The ultimate goal of data management is to increase the value proposition of data. It requires serious and careful consideration and should start with a data strategy that defines a roadmap to meet the business needs in a data-driven approach. Every chief data officer should ask themselves the following questions:
- What problem do we try to solve? What value can big data bring in? Big data is hot and thus many corporations are hugging it. However, big data for big data is apparently wrong. Other’s use cases do not have to be yours. To glean the value of big data, a deep understanding of your business and problems to solve is essential.
- Who hold the data, who own the data, and who can access the data? Data governance is a set of processes that ensures that important data assets are formally managed throughout the enterprise. Through data governance, we expect data stewards and data custodians to exercise positive control over the data. Data custodians are responsible for the safe custody, transport, and storage of the data while data stewards are responsible for the management of data elements — both the content and metadata.

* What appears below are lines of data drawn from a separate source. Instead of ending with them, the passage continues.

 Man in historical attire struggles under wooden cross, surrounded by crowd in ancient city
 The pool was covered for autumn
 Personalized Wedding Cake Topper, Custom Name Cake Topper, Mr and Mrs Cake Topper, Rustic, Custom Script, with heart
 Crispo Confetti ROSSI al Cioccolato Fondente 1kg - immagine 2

- What data do we need? It may seem obvious, but it is often simply answered with “I do not know” or “Everything”, which indicates a lack of understanding business practices. Whenever this happens, we should go back to answer the first question again. How to acquire the data? Data may be collected from internal system of records, log files, surveys, or third parties. The transactional systems may be revised to collect necessary data for analytics.
- Where to store the data and how long to keep them? Due to the variety of data, today’s data may be stored in various databases (relational or NoSQL), data warehouses, Hadoop, etc. Today, database management is way beyond relational database administration. Because big data is also fast data, it is impractical to keep all of the data forever. Careful thoughts are needed to determine the lifespan of data.

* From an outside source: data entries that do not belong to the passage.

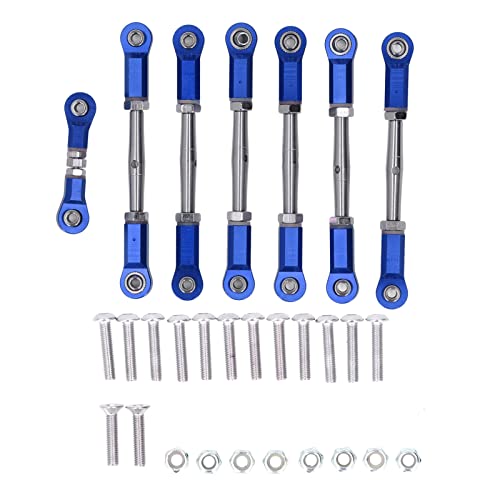 EVTSCAN Metall einstellbare Stücke Linkstange Langzeitleistung für RC -Auto Slash Rustler Stampede 4x4 7pcs Set (Blue) von EVTSCAN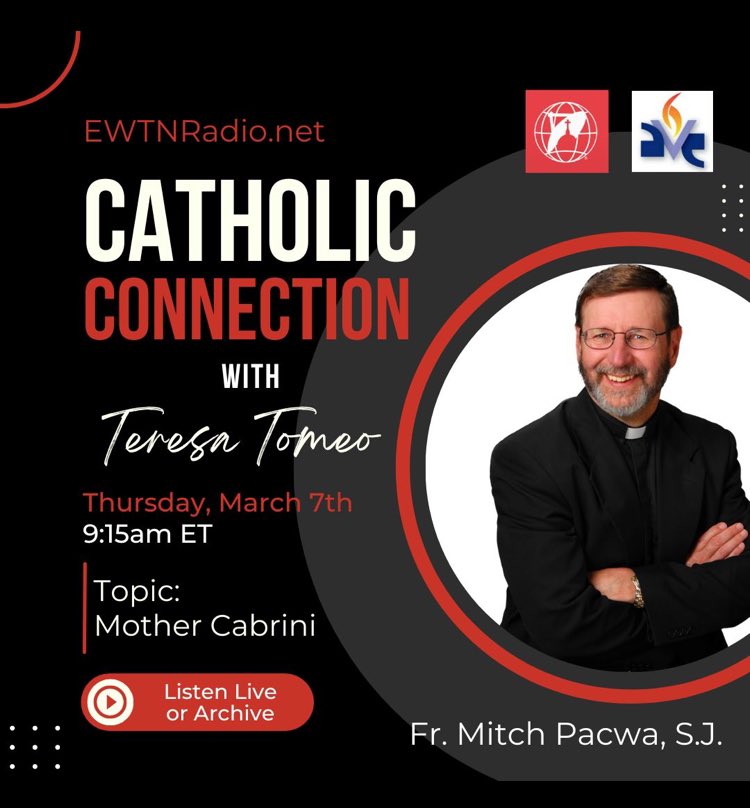 .<a href="/FrMitchPacwaSJ/">Fr. Mitch Pacwa, SJ</a> joins me Thursday morning at 9:15amET to chat about Mother #Cabrini, the first American citizen canonized a #saint! Tune into <a href="/EWTN/">EWTN Global Catholic Network</a> #CatholicRadio ewtn.com/radio <a href="/AveMariaRadio/">Ave Maria Radio</a> #catholicx #catholictwitter #mothercabrini <a href="/cabrinifilm2024/">cabrinifilm</a>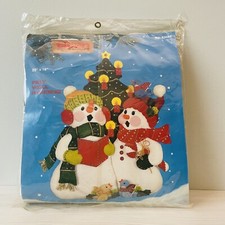 Vintage NOS Titan Christmas Felt Sequin Wall Hanging Kit Singing Snowman 83051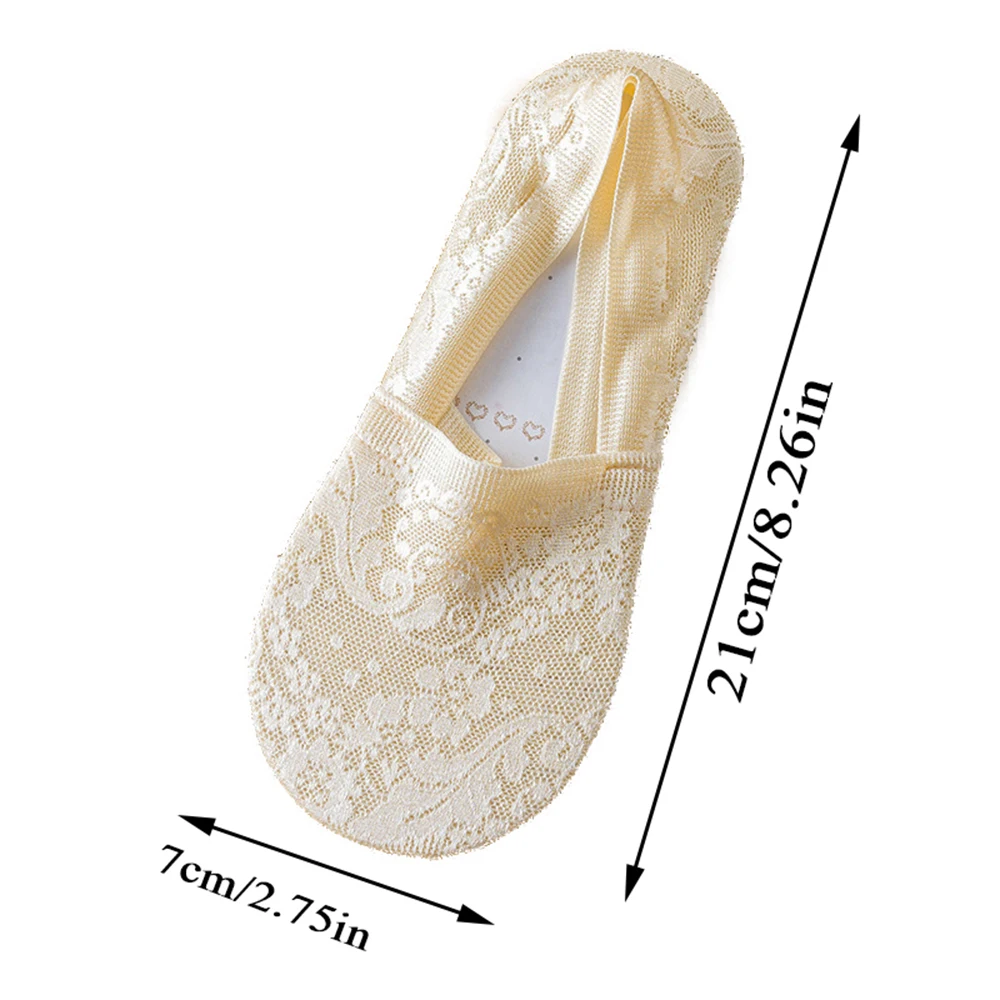 1 Pairs Lace Breathable Socks Solid Color Ankle Socks Anti-slip Thin Hosiery Invisible Silicone Non-slip Lace Flower Short Sock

- How to ensure the data quality? Junk in, Junk out. Without ensuring the data quality, big data won’t bring any values to the business. With the advent of big data, data quality management is both more important and more challenging than ever.
- How to analyze and visualize the data? A large number of mathematical models are available for analyzing data. Simply applying mathematical models does not necessarily result in actionable insights. Before talking about your mathematical models, go understand your business and problems. Lead the model with your insights (or a priori in terms of machine learning) rather than be lead by the uninterpretable numbers of black box models. Besides, visualization is extremely helpful to explore data and present the analytic results as a picture is worth a thousand words.
- How to manage the complexity? Big data is extremely complicated. To manage the complexity and improve the data management practices, we need to develop the accountability framework to encourage desirable behavior, which is tailored to the organization’s business strategies, strengths and priorities.